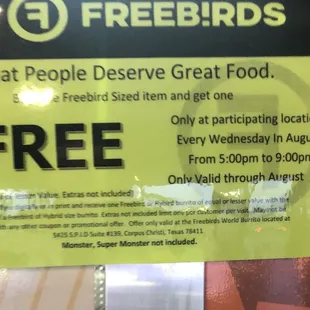 Free burrito- Count me in!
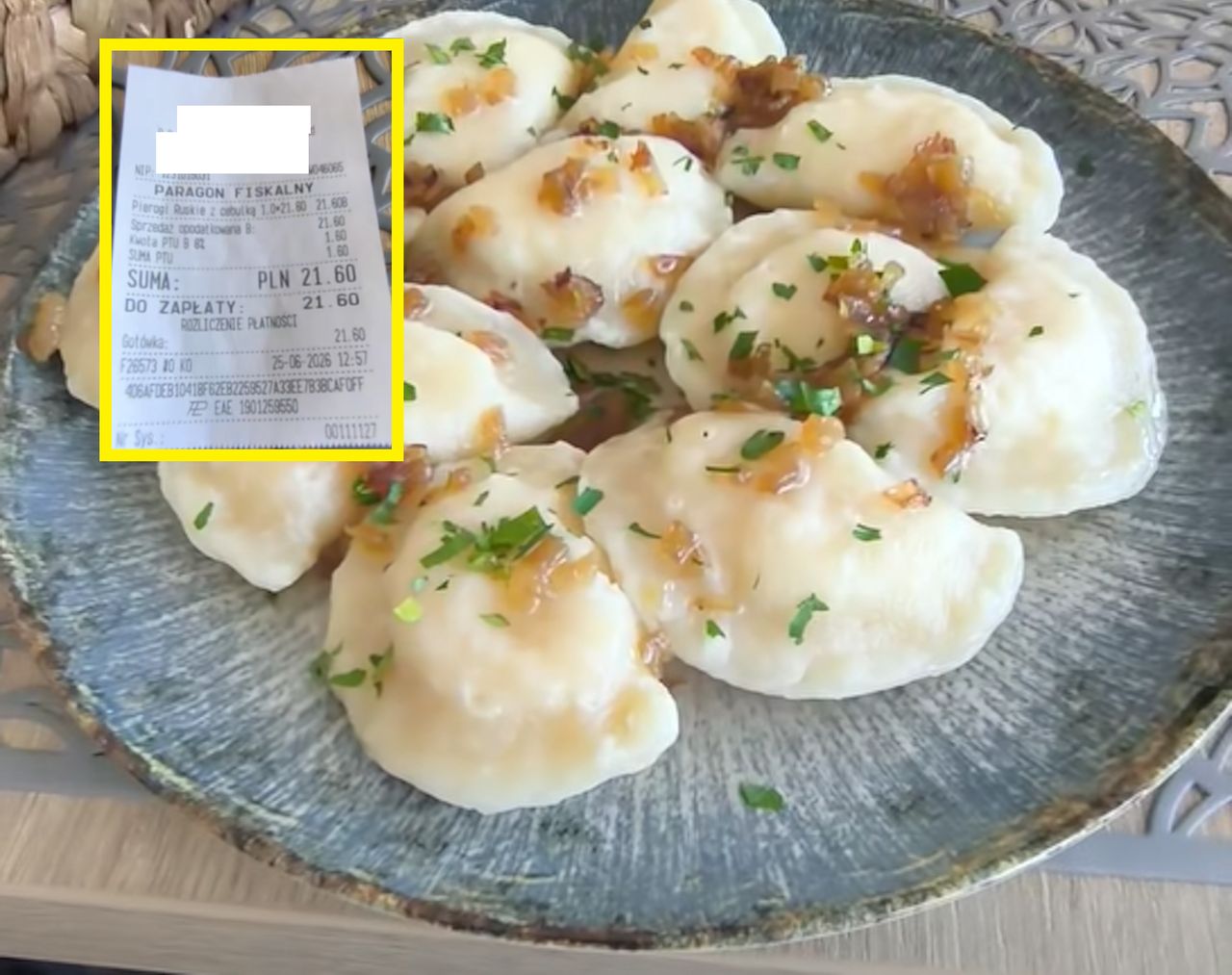 Zamówił pierogi ruskie w Solinie. "Nie wiem, czy kredytu nie wezmę"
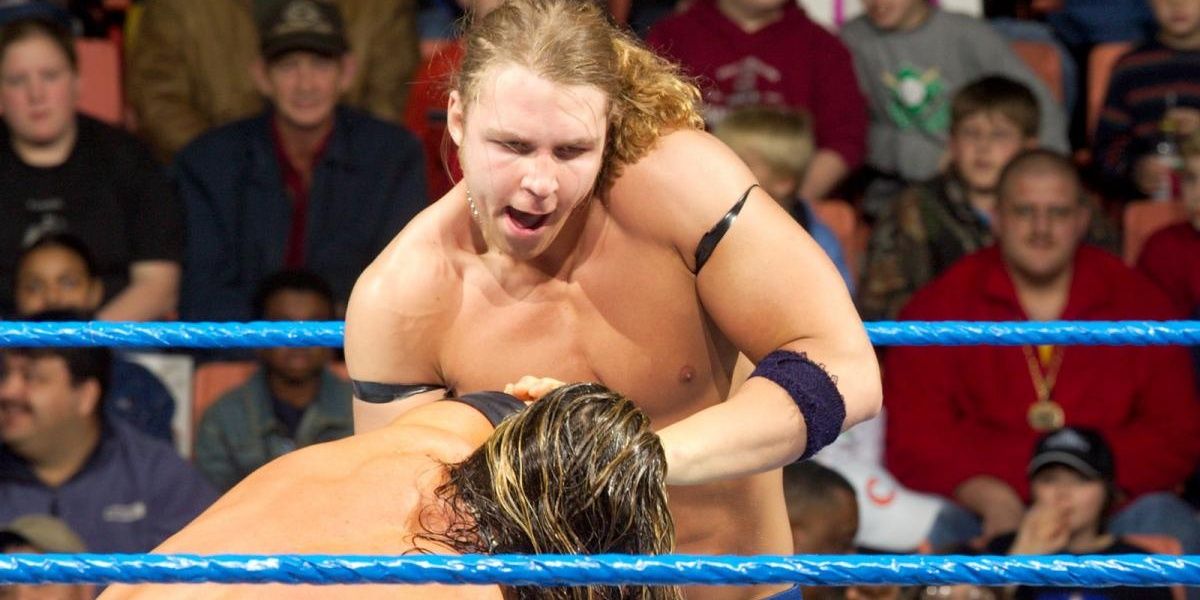 Jon Moxley with long hair 
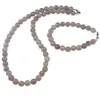 Set colier si bratara Agat gri sfere fatetate 8mm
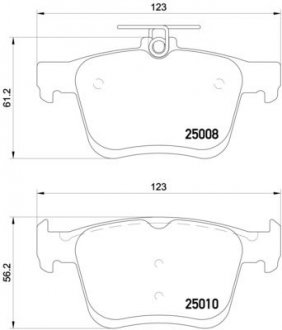 Гальмівні колодки зад. VW Golf VII 13- (ATE) BREMBO P 85 125X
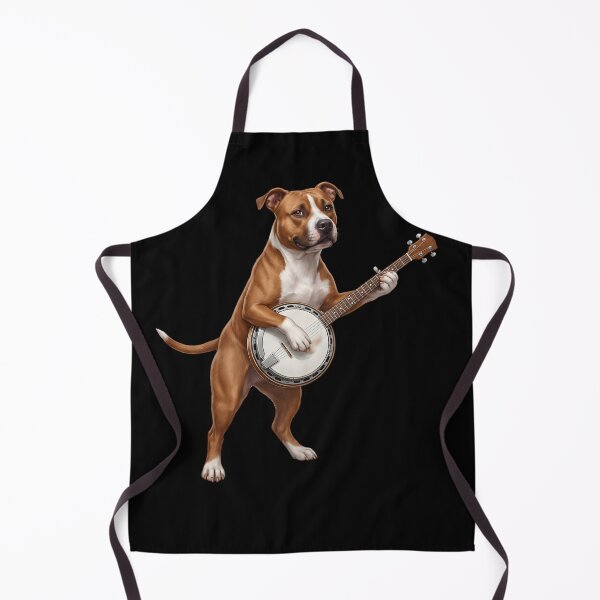 Item preview, American Staffordshire Terrier Playing Banjo Player Banjoist Dog Lover designed and sold by DoodleTortle.
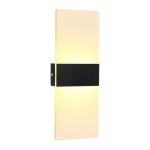Lampadaire mural rectangulaire l - ed, ac85 - 265v, pour chevet ou corridor, en aluminium pour dcoration ...
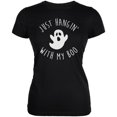thumbnail image 1 of Halloween Just Hangin With My Boo Ghost T-Shirt Doux pour Juniors, 1 of 1
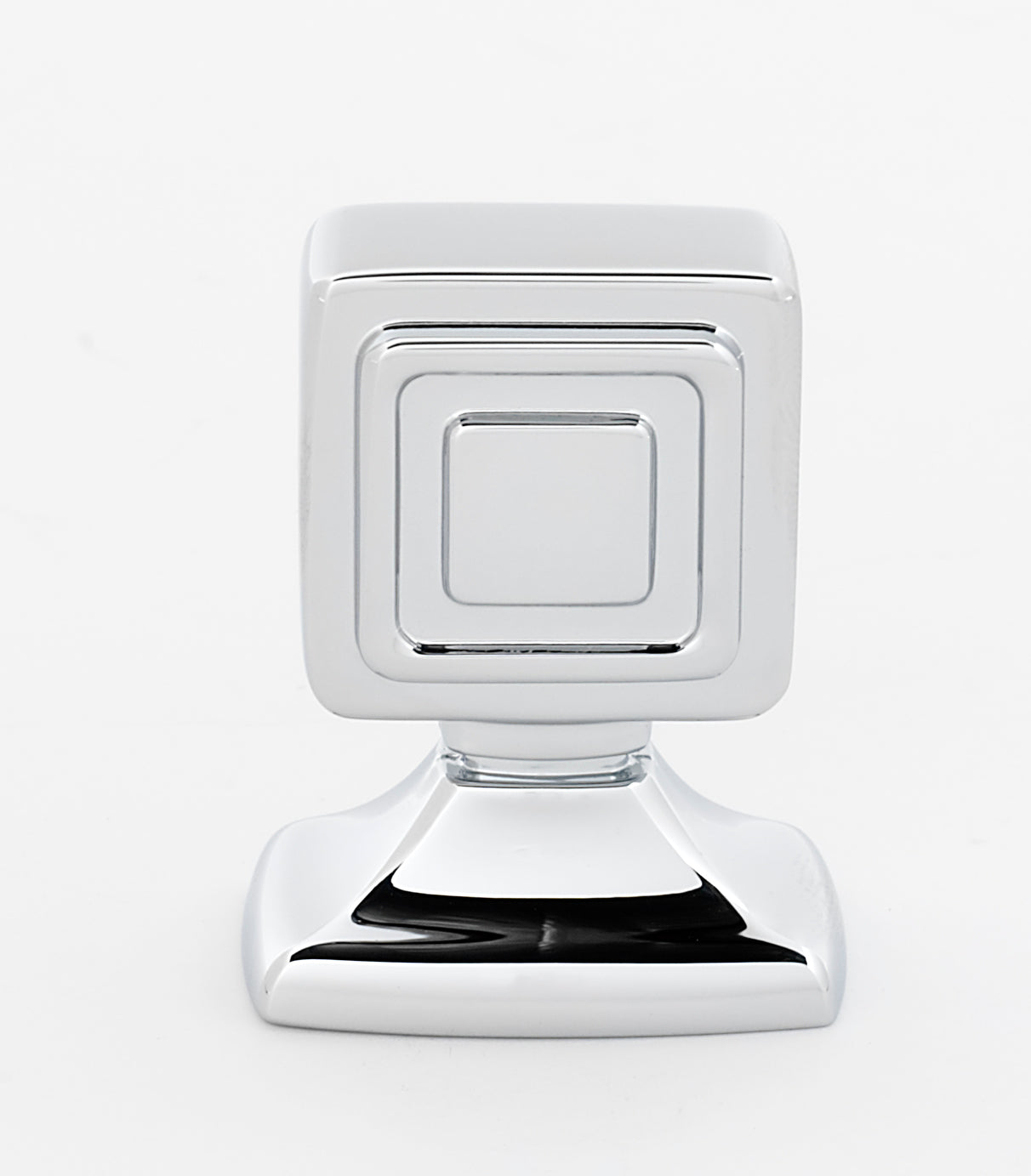 polished chrome knob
■ ■ ■ ■ ■
Problem:
Everything from the line containing "Item preview, American" to the final line of the listing above, both ends included, should be transcribed word for word, except for the pictures.

Output of the task:
 Item preview, American Staffordshire Terrier Playing Banjo Player Banjoist Dog Lover designed and sold by DoodleTortle.
Lampadaire mural rectangulaire l - ed, ac85 - 265v, pour chevet ou corridor, en aluminium pour dcoration ...
thumbnail image 1 of Halloween Just Hangin With My Boo Ghost T-Shirt Doux pour Juniors, 1 of 1
 polished chrome knob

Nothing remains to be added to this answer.